Beer maker South African Breweries (SAB) and its parent company AB InBev Africa have announced that its breweries across South Africa will have on site solar facilities by the end of this month.
This forms part of a multibillion-rand investment to ensure 100% of electricity requirements at AB InBev's manufacturing sites across Africa come from renewable sources by 2025.
On site solar power at the seven SAB breweries will partially power each facility.
The installations are being implemented through a power purchase agreement (PPA) between AB InBev Africa and SOLA Group, allowing solar photovoltaic (PV) installations to be rolled out across AB InBev’s facilities without the company incurring capital costs.
Under the terms of the agreement, the company will buy the power from SOLA, with the balance of the electricity requirement to be met by State-owned Eskom and local municipalities.
The PPA’s will total around 8.7 MW of capacity.
In 2019, SOLA secured R400-million with partners from African Infrastructure Investment Managers (AIIM) and Nedbank to fund projects such as the AB InBev Africa solar facilities.
The solar PV plants are being installed at seven sites in various provinces, including the Western Cape, Limpopo, Gauteng, KwaZulu-Natal and the Eastern Cape.
Combined, the plants will comprise over 23 000 solar panels, with the construction of the projects creating 175 jobs, in addition to SOLA’s 56 permanent positions.
AB InBev Africa’s PV systems will produce close to 14 GWh/y of electricity.
According to AB InBev and SAB procurement and sustainability VP Taryn Rosekilly, this step by AB InBev Africa highlights the private sector’s strong drive towards reducing its carbon emissions.
“Not only is solar a viable and cost-effective option for us, it aligns to our global sustainability strategy, which entails going 100% renewable by 2025," she told media on Thursday..
AB InBev’s global renewable energy commitment is to ensure that 50% of its electricity will come from renewable energy sources in 2020, and 100% by 2025.
The company has already achieved its 50% target ahead of schedule. But in order for AB InBev to meet its 100% target in South Africa, it will require solar renewable energy facilities totalling 191 MW.

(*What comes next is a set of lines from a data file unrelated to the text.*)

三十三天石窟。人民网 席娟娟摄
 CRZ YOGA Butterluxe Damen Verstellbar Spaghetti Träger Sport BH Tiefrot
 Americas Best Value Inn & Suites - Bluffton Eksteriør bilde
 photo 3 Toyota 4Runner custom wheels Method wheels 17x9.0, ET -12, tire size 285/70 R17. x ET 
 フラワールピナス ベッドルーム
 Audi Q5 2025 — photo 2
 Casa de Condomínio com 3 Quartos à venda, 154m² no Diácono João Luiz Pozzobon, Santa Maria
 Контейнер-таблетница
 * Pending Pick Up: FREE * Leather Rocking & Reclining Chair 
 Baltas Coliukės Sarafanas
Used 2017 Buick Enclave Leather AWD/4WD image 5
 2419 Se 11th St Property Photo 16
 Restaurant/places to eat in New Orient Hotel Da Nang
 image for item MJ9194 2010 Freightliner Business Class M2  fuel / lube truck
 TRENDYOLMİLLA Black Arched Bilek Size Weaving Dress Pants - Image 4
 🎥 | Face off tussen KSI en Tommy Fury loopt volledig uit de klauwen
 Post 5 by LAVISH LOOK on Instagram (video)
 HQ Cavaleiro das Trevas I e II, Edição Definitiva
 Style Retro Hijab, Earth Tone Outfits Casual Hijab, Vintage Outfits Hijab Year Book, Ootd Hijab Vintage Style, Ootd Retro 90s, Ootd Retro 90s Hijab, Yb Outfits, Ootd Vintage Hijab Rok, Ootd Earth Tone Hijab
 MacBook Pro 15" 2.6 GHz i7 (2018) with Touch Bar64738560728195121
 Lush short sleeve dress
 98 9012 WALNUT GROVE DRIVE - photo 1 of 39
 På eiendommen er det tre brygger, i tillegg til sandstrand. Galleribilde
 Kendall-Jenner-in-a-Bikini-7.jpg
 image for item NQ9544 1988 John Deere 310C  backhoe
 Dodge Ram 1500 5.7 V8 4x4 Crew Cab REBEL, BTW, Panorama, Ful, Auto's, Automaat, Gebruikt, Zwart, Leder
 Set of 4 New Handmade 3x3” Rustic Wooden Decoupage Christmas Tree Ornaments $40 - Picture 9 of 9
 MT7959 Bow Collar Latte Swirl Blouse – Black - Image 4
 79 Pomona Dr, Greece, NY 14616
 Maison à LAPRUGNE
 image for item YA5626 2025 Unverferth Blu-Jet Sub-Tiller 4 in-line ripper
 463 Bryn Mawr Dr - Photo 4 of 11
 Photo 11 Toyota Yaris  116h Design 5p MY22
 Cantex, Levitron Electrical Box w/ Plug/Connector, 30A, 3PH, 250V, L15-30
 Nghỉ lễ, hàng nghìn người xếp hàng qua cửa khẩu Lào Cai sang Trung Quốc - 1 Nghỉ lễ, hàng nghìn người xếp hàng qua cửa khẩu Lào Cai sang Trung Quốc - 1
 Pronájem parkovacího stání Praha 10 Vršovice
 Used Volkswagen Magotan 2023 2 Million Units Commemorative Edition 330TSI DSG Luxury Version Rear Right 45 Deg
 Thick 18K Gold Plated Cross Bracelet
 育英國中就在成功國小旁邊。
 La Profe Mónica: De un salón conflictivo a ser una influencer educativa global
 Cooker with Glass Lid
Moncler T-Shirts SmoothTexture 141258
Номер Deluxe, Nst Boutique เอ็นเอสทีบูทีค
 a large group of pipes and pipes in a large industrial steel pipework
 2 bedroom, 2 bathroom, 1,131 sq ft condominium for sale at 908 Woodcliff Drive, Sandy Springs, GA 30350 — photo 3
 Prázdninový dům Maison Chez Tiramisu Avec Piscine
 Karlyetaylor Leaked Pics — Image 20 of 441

This initiative is not without its challenges, Rosekilly tells Engineering News Online, as partnerships with regulators, Eskom and government are required to have a regulatory framework in place in order to support companies and private users to generate power off site, which she said would in turn support Eskom and the power grid by freeing up capacity for other users.
This can be demonstrated by vehicle manufacturer Fuso’s electric truck, which was also showcased to media at SAB’s facility in Krugersdorp on Thursday.
Fuso South Africa head Ziyaad Gaba said the truck provided increasing insight into the transition to a low-carbon future. The truck – called the Fuso E-canter – is charged using renewable energy generated at SAB and has a carrying capacity of up to 3.5 t, including its body.
A single charge allows for an operating range of between 100 km and 120 km at “optimal conditions”.